BRUSSELS: Israel’s leader faces renewed pressure from Europe on Monday to reboot the Middle East’s moribund peace process following widespread criticism of the US decision to recognize Jerusalem as the Jewish state’s capital.
Prime Minister Benjamin Netanyahu will be in Brussels for an informal breakfast with EU foreign ministers who will urge him to “resume meaningful negotiations,” according to the bloc’s diplomatic chief Federica Mogherini.
The talks come after French President Emmanuel Macron met Netanyahu in Paris on Sunday and called on him to freeze settlement building and to re-engage with Palestinians following widespread protests over the US move.
Last week’s decision by the administration of US President Donald Trump upended decades of US diplomacy and broke with international consensus.
Speaking alongside Netanyahu on Sunday, Macron again condemned the decision as “contrary to international law and dangerous for the peace process.”
“I urged the prime minister to show courage in his dealings with the Palestinians to get us out of the current dead end,” Macron said after talks in Paris with the Israeli leader.
“Peace does not depend on the United States alone... it depends on the capacity of the two Israeli and Palestinian leaders to do so,” the French leader said.
Netanyahu has praised Trump’s decision as “historic” and he explained Sunday that Jerusalem “has always been our capital and it has never been the capital of any other people.”
“It has been the capital of Israel for 3,000 years, it has been the capital of the Jewish state for 70 years. We respect your history and your choices and we know that as friends you respect ours. I think this is also central for peace,” he said.
“The sooner the Palestinians come to grips with this reality, the sooner we’ll move toward peace.”
Before leaving Israel, Netanyahu had taken aim at what he called Europe’s “hypocrisy,” for condemning Trump’s statement, but not “the rockets fired at Israel or the terrible incitement against it.”
Pointedly, Macron began his pre-prepared remarks with a clear condemnation “with the greatest of clarity of all forms of attacks in the last hours and days against Israel.”
Despite the obvious differences between the 39-year-old French leader and the Israeli hard-liner, there were also attempts to show they had developed a good early working relationship and held common views.
“Does this mean Emmanuel Macron and me agree on everything? No, not all of it, but we’re working it,” Netanyahu said at one point, joking later: “The lunch in the Elysee is superb, the conversation is superb too.”
The two countries are keen to reset ties after often difficult exchanges under ex-president Francois Hollande.

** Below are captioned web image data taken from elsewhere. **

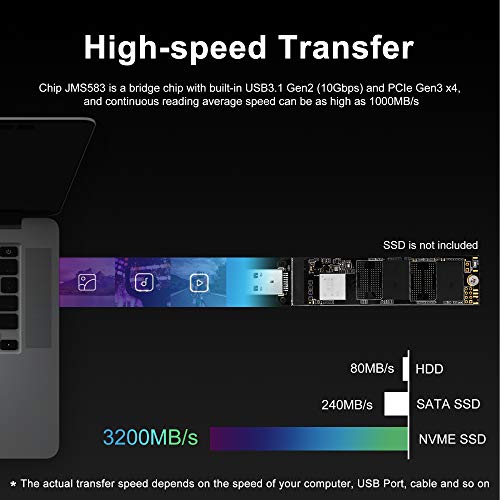 1 QNINE+Adapter+Performance+Portable+Support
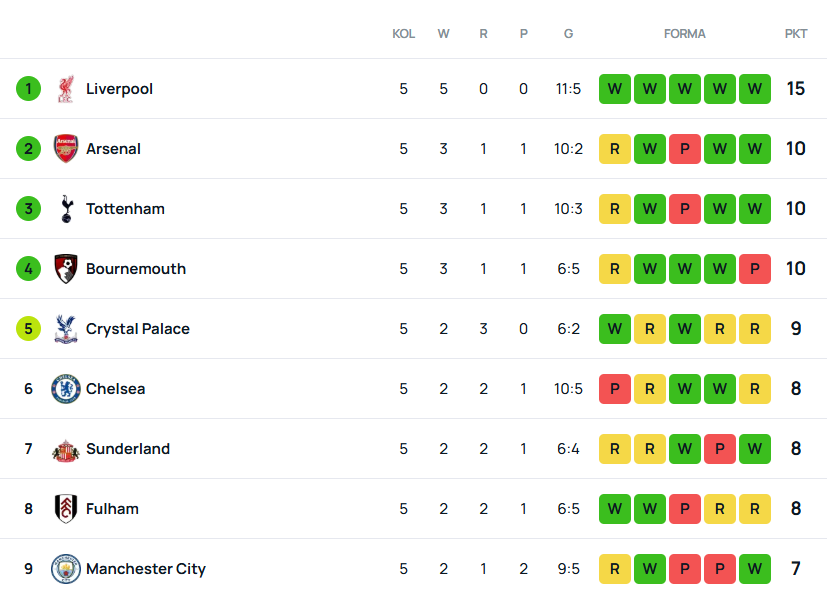SuperScore prem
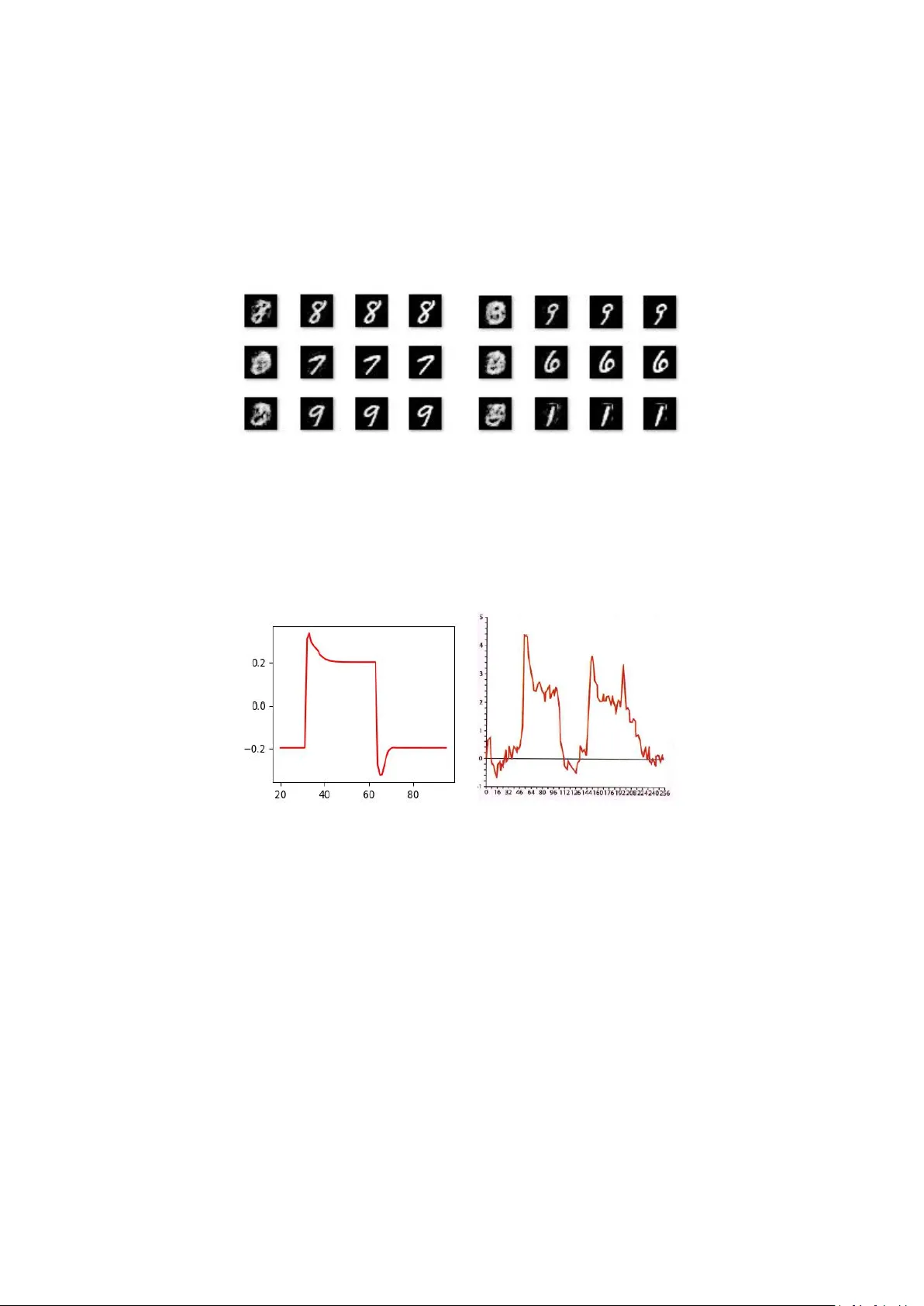 생물학적 학습을 닮은 모멘텀 기반 STDP 프레임워크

Most EU members, including the bloc’s biggest countries, have expressed alarm over the Trump administration’s policy shift.
Mogherini has warned the decision on Jerusalem “has the potential to send us backwards to even darker times than the ones we’re already living in.”
Speaking to reporters in Brussels on Friday, she repeated Europe’s stance that “the only realistic solution” for peace was two states — Israel and Palestine — with Jerusalem as the capital of both and the borders returned to their status before the 1967 Arab-Israeli War.
“It is in Israel’s security interest to find a lasting solution to this decades-long conflict,” she added.
But the 28-member block is not unified on the issue — Hungary, Greece, Lithuania and the Czech Republic in particular favor warmer ties with Israel.
Last week Hungary broke ranks to block a joint statement from the EU that was critical of Washington’s Jerusalem shift.
Trump’s announcement on Wednesday has been followed by days of protests and clashes in the Palestinian territories.
Four Palestinians were killed either in clashes or from Israeli air strikes in retaliation for rockets fired from the Gaza Strip.
Tens of thousands have also protested in Muslim and Arab countries, including Jordan, Turkey, Pakistan and Malaysia.
Further protests were held in Lebanon, Indonesia, Egypt and the Palestinian territories on Sunday.
Macron was also asked if France would attempt to launch another peace initiative to resolve the Israeli-Palestinian conflict following failed efforts in the past.
“There’s a desire by the Americans to mediate which remains and I don’t want to condemn it ab initio (from the beginning),” he said. “We need to wait for the next few weeks, the next months to see what will be proposed.
“And I think we have to wait to see whether the interested parties accept it or not.”
Netanyahu was an outspoken critic of efforts by former French president Hollande to push a Middle East peace process.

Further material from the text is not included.